Denton Loving’s “Crimes Against Birds”

Crimes Against Birds, Denton Loving
Main Street Rag, 2014, 978-1-59948-499-0, $14.00


Crimes Against Birds

The pastoral imagination that illuminates Denton Loving’s Crimes Against Birds combines close observations of the natural landscape, plainspoken meditations, and a tone of simple and reverent sincerity. A poem like “Blessing of the Bees,” in which the speaker addresses his beehive, is characteristic of Loving’s generosity and his ability to feel the kinship that binds humans to place and nature:

May you like the buttercups that yellow
the pasture- May you find happiness in these hills and woods-
Let there always be a little sugar water to sustain-

This poem, like many in the collection, recognizes a uniquely human responsibility to cultivate kindness in our interactions with the world. “Blessing of the Bees” continues:

May the buzz from your hive remind me
always of your work. Let there be honey for us all.
Be good to me and remind me to be good to you.

Throughout Crimes Against Birds the narrator’s consciousness is guided by an intimate connection between humans and the natural world. Throughout the diverse scenes in which the poems occur – from pizza pub, to horse cemetery, to McDonald’s parking lot – natural imagery and figuration inform and direct the consciousness of the speaker, participating in each poem’s movement toward its surmise.

Poems such as “Blessing of the Bees” characterize the affirming and lyrically secure expression of Denton Loving’s pastoral imagination.

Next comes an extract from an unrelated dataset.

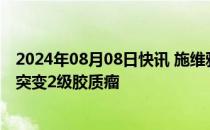 2024年08月08日快讯 施维雅沃拉西德尼在美获批治疗IDH突变2级胶质瘤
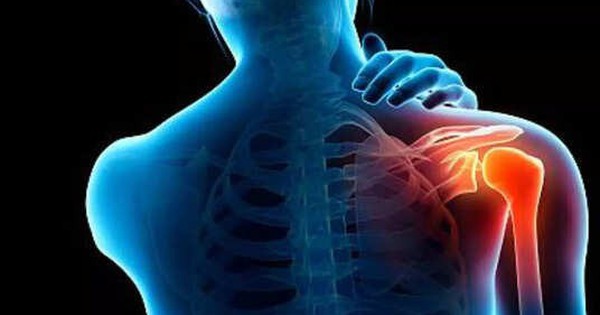 Bài tập nào giảm đau vai nhanh? 2 bai tap nao giam dau vai nhanh 6928335a88653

Yet, there is a shadow side to the collection, a more troubled consciousness that complicates the sentiment and sincerity of such poems. Poems like “Horse Cemetery,” “Eleanor,” and “Missing” subvert the expectations of the pastoral scene. In these poems the pastoral’s traditional locus amoenus is unavailable and perhaps irretrievable – corrupted by what Wallace Stevens described as the pressures of reality.

In “Missing,” the speaker of the poem describes the site where a calf has died, where all that’s left is “a rib cage, raw and picked / away by dogs or coyotes. The head is completely gone …” Likewise, in “Eleanor” the pastoral moment is again thwarted by the hard reality of a dying calf; the poem begins, “Twice I chased buzzards from her lifeless body…” In “Horse Cemetery” the poet describes a spot of land “on the far side of my family’s farm, / across the pasture and in the deepest stretch of western woods.” Once a horse cemetery, now the land is a shaded spot for the cows; the poem continues: “It is shady and cool in this gully of hickories and oaks, / hemlocks and pines.” And this is the closest we get to pastoral ease. The next sentence undoes the moment of leisure:

…We drag her
to the wood’s edge, cover her with branches
and stones, form an old-fashioned cairn. The wood
decomposes with the body. The stones roll away.

Again and again, these bucolics are undermined by a pressure of reality that obstructs the realization of the longed-for locus amoenus – site of rustic song and lyric insight. Moments such as these present the most complicated and subtle challenge of Loving’s poems. By calling attention to the unavailability of the pastoral site in poems such as “Missing,” “Eleanor,” and “Horse Cemetery,” Loving establishes a pervasive sense of irony that upsets the pastoral mood of the collection. How do we trust poems such as “Blessing the Bees” when we recognize the literal unavailability of the pastoral scene itself?

Denton Loving’s collection offers no easy solution to this paradox. The poems in Crimes Against Birds enlarge our capacity to experience reciprocity with the natural world that sustains us; however, they also require us to face the limitations of the pastoral scene. As a result, the truths derived from pastoral language, image, and figure seem more chimerical – as much a function of language as a function of landscape. The unique labor of the neat-herd in Crimes Against Birds is to reimagine the pastoral scene, recognizing both its contemporary limitations and possibilities.

In a cultural and historic moment where the pressure of reality seems to infiltrate all of our dreaming spaces, Crimes Against Birds works to recapture lost territory. Denton Loving’s collection exerts its own pressure of imagination toward the reclamation of the pastoral’s way of knowing. And if the traditional locus amoenus is unavailable for the speaker in these poems, all the better; he will let the pastoral imagination become the unique signature of his varied observations.

Paul Pickering grew up in Selma, Alabama. He earned an M.A. in English from the University of Alabama at Birmingham and an M.F.A in Poetry from the University of Oregon. He currently lives in Tunbridge, Vermont.